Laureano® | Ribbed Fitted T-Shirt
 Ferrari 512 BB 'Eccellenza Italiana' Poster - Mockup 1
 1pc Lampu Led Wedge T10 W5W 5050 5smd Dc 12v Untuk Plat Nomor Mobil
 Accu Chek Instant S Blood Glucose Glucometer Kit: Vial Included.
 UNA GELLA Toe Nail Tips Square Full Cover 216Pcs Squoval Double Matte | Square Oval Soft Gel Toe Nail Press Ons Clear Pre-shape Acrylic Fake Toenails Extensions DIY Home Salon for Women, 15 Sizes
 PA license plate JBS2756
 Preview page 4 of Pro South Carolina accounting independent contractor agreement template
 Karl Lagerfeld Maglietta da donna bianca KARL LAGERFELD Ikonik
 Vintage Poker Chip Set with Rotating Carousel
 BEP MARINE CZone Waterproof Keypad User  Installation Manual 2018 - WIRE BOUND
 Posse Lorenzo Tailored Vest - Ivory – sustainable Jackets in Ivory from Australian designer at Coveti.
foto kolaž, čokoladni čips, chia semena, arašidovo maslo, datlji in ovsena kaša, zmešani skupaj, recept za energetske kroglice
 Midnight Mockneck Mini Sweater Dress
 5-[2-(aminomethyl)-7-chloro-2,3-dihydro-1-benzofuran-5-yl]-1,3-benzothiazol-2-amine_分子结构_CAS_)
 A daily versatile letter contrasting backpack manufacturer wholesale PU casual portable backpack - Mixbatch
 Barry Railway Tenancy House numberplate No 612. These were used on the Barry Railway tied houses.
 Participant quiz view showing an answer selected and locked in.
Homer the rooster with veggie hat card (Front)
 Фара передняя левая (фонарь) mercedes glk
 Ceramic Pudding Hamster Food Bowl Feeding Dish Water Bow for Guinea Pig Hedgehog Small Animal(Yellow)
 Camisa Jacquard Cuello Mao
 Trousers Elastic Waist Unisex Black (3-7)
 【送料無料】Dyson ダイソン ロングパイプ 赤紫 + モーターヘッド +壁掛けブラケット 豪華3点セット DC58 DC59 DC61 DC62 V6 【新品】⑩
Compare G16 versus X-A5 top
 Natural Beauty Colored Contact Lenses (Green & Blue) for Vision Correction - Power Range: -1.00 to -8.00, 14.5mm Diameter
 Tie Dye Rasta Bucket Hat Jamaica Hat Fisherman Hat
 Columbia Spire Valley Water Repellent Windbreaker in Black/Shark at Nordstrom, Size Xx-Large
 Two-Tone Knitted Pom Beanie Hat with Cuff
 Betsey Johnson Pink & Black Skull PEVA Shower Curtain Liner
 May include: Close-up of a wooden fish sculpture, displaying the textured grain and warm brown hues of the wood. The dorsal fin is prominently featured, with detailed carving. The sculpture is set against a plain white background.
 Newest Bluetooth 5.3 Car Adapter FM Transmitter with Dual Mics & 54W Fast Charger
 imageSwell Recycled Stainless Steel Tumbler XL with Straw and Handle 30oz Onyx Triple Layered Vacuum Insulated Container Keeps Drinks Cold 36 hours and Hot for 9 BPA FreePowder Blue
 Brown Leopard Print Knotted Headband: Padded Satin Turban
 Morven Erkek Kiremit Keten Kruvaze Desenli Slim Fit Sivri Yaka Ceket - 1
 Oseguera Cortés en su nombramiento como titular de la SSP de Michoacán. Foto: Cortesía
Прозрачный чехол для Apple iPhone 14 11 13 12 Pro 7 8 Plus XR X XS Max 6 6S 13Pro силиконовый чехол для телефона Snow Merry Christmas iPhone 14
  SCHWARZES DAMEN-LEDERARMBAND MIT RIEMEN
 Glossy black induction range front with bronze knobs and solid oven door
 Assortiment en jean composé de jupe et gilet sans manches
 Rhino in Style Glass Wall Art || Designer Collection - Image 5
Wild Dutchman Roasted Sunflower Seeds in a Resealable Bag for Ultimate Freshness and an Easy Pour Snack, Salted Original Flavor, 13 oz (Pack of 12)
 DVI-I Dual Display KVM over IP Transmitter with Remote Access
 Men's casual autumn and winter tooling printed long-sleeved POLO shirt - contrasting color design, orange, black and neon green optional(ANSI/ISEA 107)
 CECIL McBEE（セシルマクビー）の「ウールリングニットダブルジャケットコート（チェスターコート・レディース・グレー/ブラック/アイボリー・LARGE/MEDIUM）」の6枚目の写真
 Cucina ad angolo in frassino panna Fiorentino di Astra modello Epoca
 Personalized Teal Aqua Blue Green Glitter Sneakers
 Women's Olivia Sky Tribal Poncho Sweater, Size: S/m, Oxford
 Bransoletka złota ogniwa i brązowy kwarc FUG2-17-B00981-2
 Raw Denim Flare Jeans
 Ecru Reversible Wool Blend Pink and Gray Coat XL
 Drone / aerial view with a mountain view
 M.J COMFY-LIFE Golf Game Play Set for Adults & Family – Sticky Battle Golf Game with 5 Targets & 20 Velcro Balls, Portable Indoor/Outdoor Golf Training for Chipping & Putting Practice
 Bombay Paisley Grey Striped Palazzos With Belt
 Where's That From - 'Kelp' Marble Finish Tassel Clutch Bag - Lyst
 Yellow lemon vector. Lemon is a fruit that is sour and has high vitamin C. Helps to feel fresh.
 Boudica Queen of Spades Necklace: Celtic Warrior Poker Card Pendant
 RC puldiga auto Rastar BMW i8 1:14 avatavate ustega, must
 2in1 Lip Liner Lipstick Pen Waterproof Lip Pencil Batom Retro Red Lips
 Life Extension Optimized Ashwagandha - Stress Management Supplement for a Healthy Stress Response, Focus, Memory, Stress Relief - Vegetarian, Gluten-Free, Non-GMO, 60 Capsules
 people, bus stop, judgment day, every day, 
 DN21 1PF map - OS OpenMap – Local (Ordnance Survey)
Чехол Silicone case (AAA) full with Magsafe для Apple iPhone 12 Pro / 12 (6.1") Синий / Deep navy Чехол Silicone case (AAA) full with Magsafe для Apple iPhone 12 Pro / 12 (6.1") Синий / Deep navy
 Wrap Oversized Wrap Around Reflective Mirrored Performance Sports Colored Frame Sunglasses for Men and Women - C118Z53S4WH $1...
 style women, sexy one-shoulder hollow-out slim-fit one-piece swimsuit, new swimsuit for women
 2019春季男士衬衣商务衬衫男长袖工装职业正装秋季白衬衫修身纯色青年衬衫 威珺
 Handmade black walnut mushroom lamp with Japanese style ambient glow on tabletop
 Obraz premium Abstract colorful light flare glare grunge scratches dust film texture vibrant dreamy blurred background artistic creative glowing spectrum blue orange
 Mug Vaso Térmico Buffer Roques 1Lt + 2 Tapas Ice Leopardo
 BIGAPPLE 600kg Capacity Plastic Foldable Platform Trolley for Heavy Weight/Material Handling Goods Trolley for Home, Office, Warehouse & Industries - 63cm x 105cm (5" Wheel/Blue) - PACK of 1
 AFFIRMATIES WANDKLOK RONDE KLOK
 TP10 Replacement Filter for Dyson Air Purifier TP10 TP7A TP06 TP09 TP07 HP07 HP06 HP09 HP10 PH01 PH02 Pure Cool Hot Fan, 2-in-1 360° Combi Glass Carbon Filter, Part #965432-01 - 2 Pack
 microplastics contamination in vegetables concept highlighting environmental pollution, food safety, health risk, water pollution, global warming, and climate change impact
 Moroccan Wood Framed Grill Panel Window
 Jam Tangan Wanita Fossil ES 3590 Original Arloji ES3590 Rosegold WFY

Problem to work on -
Restate word for word only the lines running from the beginning of the data to the line holding "Barry Railway Tenancy", both included.

Result of the exercise -
Laureano® | Ribbed Fitted T-Shirt
 Ferrari 512 BB 'Eccellenza Italiana' Poster - Mockup 1
 1pc Lampu Led Wedge T10 W5W 5050 5smd Dc 12v Untuk Plat Nomor Mobil
 Accu Chek Instant S Blood Glucose Glucometer Kit: Vial Included.
 UNA GELLA Toe Nail Tips Square Full Cover 216Pcs Squoval Double Matte | Square Oval Soft Gel Toe Nail Press Ons Clear Pre-shape Acrylic Fake Toenails Extensions DIY Home Salon for Women, 15 Sizes
 PA license plate JBS2756
 Preview page 4 of Pro South Carolina accounting independent contractor agreement template
 Karl Lagerfeld Maglietta da donna bianca KARL LAGERFELD Ikonik
 Vintage Poker Chip Set with Rotating Carousel
 BEP MARINE CZone Waterproof Keypad User  Installation Manual 2018 - WIRE BOUND
 Posse Lorenzo Tailored Vest - Ivory – sustainable Jackets in Ivory from Australian designer at Coveti.
foto kolaž, čokoladni čips, chia semena, arašidovo maslo, datlji in ovsena kaša, zmešani skupaj, recept za energetske kroglice
 Midnight Mockneck Mini Sweater Dress
 5-[2-(aminomethyl)-7-chloro-2,3-dihydro-1-benzofuran-5-yl]-1,3-benzothiazol-2-amine_分子结构_CAS_)
 A daily versatile letter contrasting backpack manufacturer wholesale PU casual portable backpack - Mixbatch
 Barry Railway Tenancy House numberplate No 612. These were used on the Barry Railway tied houses.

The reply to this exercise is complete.